Stromal support is required during retroviral-mediated transduction of human bone marrow-derived CD34+ cells to maintain the clonogenicity of the primitive progenitors. We hypothesized that the cytokine FLT3 ligand (FL) might be able to replace the maintenance role provided by the stroma. CD34+ progenitors from human bone marrow were transduced by the retroviral vector LN with the cytokines interleukin-3 (IL-3), IL-6, and stem cell factor (SCF) present in all cultures. Transductions were performed with or without stromal support and with or without the inclusion of 100 U/mL FL. No significant increase in gene transfer into colony-forming cells was obtained by the addition of FL to the cultures. Transduction and survival of more primitive human hematopoietic cells was determined by growth in immune-deficient mice for 7 to 8 months. Human myeloid cells, T lymphocytes, and colony-forming progenitors were recovered from the marrow of mice that had received human cells transduced on stroma or in suspension culture with IL-3, IL-6, SCF, and FL, but not with IL-3, IL-6, and SCF alone. LN provirus was detected by polymerase chain reaction in the marrow recovered from 9 of 10 mice transplanted with human CD34+ cells transduced with stromal support, 5 of 11 mice that received human cells transduced in suspension culture with FL, but none of the 10 mice that received human cells transduced in suspension culture without FL We conclude that FLT3 ligand, in conjunction with IL-3, IL-6, and SCF, preserves the generative capacity of primitive human hematopoietic cells during in vitro transductions in suspension culture.

Transduction of pluripotent human hematopoietic stem cells demonstrated by clonal analysis after engraftment in immune-deficient mice.

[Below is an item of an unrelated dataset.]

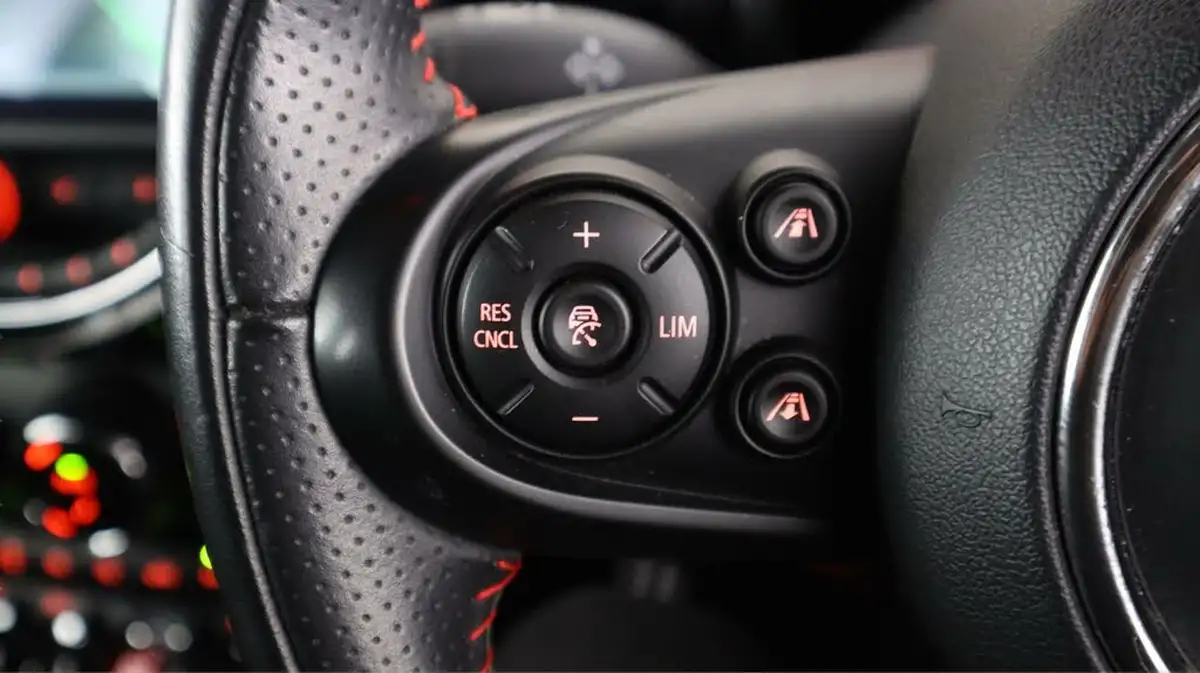 2019-mini-cooper-15-cooper-sport-hatchback-5d-big-22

Gene transduction of pluripotent human hematopoietic stem cells (HSCs) is necessary for successful gene therapy of genetic disorders involving hematolymphoid cells. Evidence for transduction of pluripotent HSCs can be deduced from the demonstration of a retroviral vector integrated into the same cellular chromosomal DNA site in myeloid and lymphoid cells descended from a common HSC precursor. CD34+ progenitors from human bone marrow and mobilized peripheral blood were transduced by retroviral vectors and used for long-term engraftment in immune-deficient (beige/nude/XIS) mice. Human lymphoid and myeloid populations were recovered from the marrow of the mice after 7-11 months, and individual human granulocyte-macrophage and T-cell clones were isolated and expanded ex vivo. Inverse PCR from the retroviral long terminal repeat into the flanking genomic DNA was performed on each sorted cell population. The recovered cellular DNA segments that flanked proviral integrants were sequenced to confirm identity. Three mice were found (of 24 informative mice) to contain human lymphoid and myeloid populations with identical proviral integration sites, confirming that pluripotent human HSCs had been transduced.